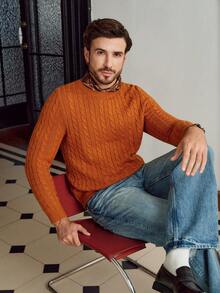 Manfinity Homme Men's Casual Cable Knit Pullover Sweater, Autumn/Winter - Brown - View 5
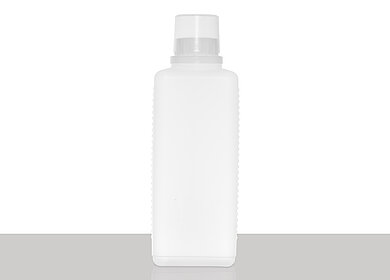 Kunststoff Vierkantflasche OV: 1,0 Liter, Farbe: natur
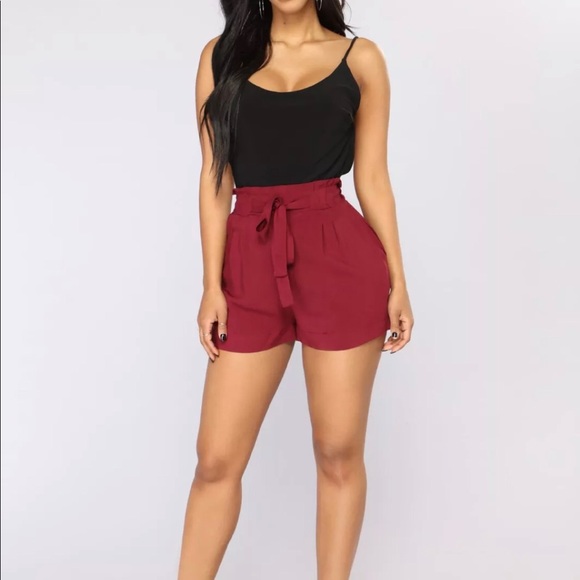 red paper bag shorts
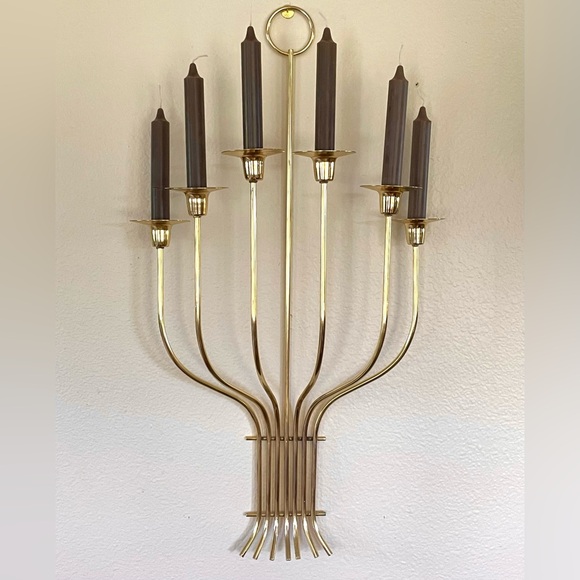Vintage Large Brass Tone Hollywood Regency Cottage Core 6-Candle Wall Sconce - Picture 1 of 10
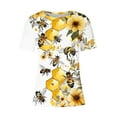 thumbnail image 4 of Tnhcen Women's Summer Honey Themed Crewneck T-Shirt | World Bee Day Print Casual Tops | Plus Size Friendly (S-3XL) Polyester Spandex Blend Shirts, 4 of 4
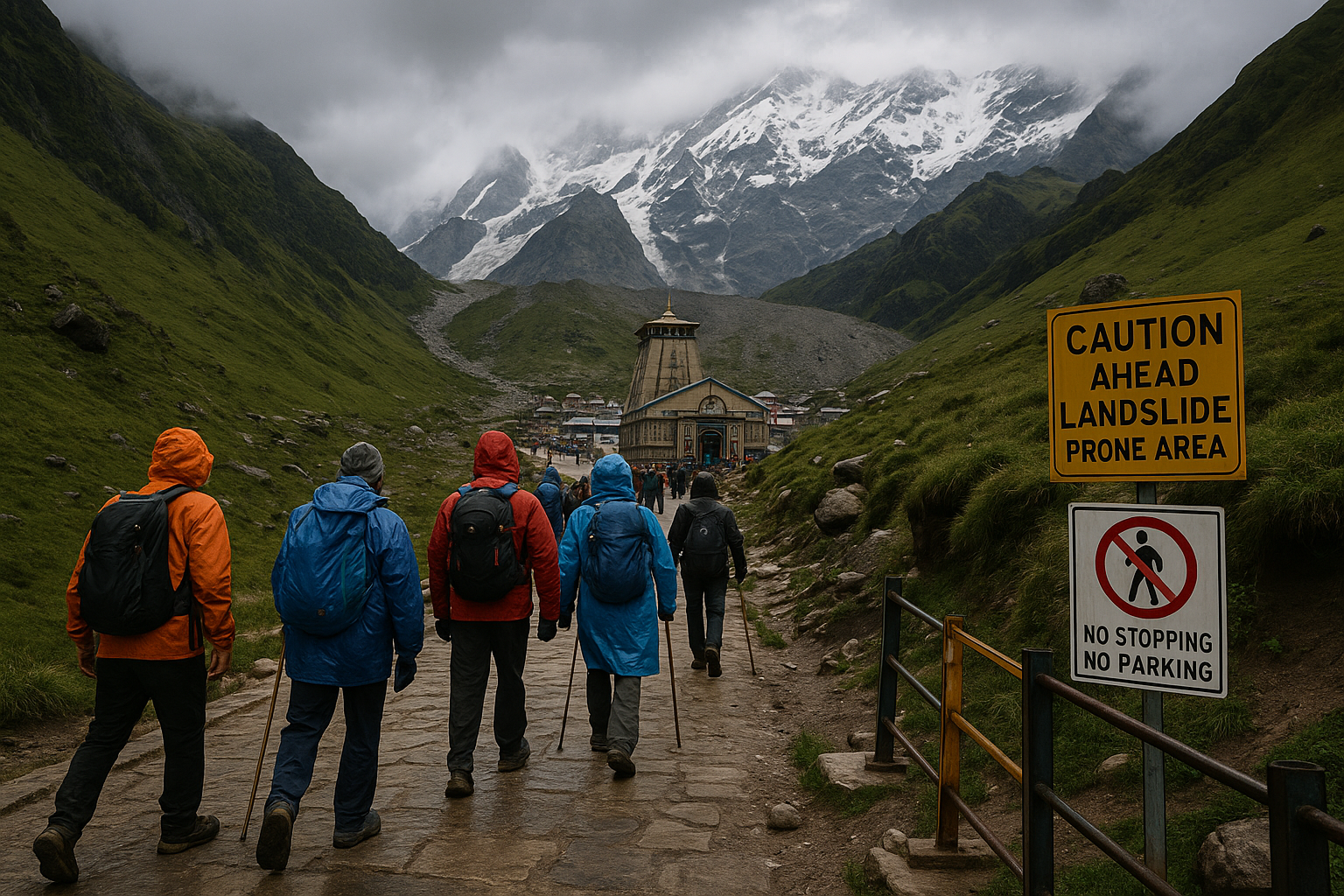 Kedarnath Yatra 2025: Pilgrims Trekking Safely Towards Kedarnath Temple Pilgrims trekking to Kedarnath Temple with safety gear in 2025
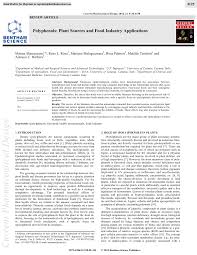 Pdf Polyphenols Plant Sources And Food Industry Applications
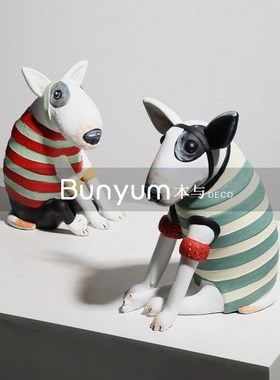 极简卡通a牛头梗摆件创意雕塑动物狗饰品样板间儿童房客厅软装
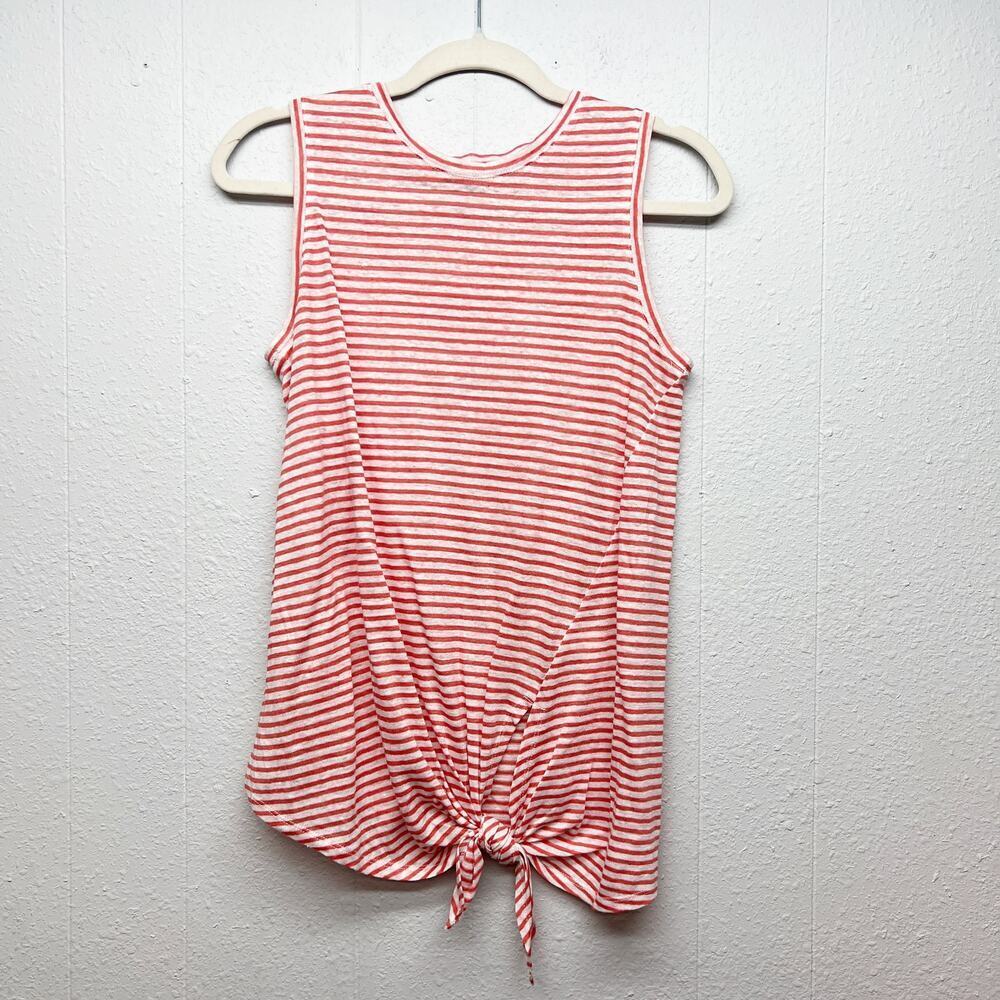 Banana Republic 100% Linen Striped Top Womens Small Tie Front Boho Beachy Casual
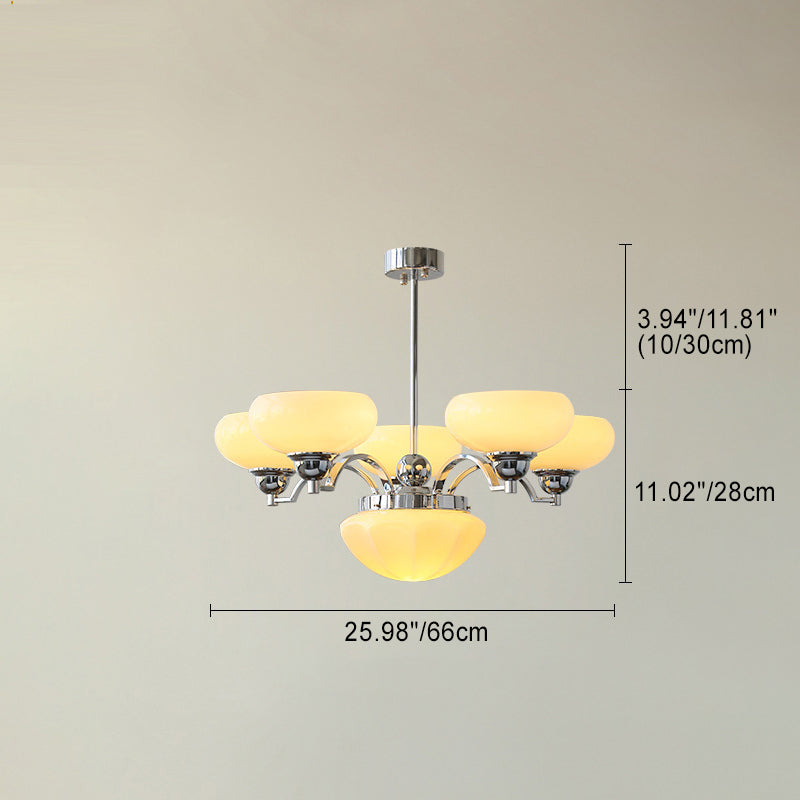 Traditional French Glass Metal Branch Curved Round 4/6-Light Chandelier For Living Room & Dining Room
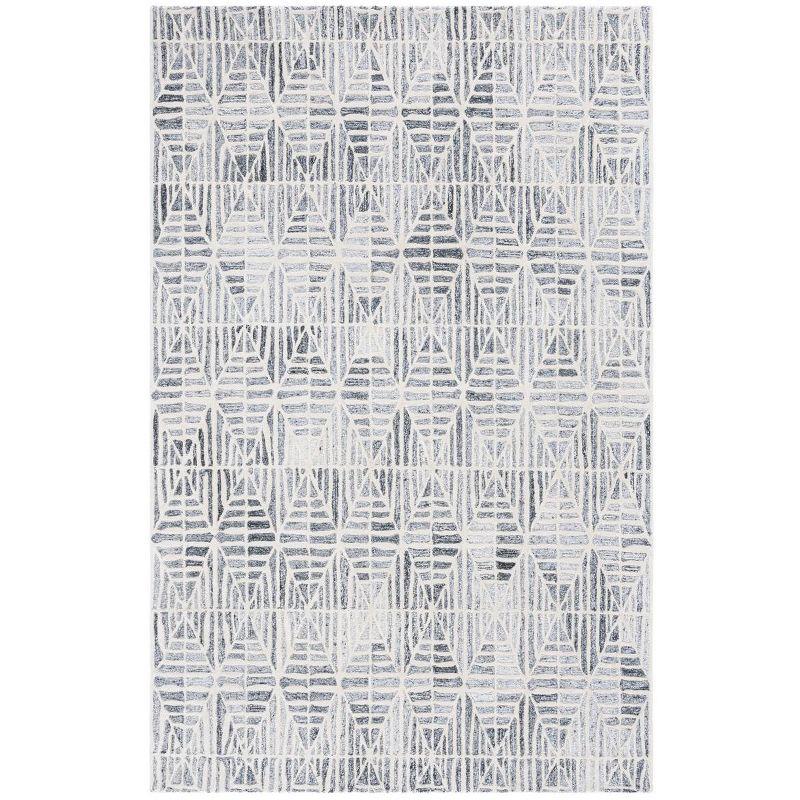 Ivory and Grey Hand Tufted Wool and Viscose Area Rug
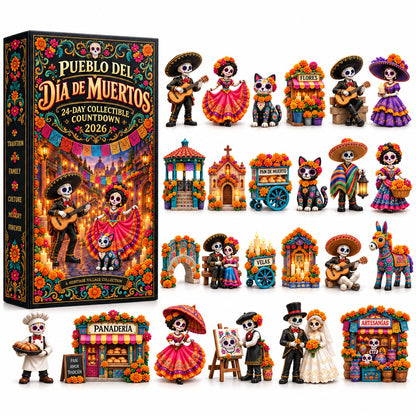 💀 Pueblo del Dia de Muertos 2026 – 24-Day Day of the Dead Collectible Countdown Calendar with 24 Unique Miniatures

- HOW TO COMPLETE THIS TASK -
From the line containing "Ivory and Grey" through the last line of the records, both included, output those lines exactly and nothing else; skip the pictures.

- ANSWER TO THIS EXERCISE -
 Ivory and Grey Hand Tufted Wool and Viscose Area Rug
 💀 Pueblo del Dia de Muertos 2026 – 24-Day Day of the Dead Collectible Countdown Calendar with 24 Unique Miniatures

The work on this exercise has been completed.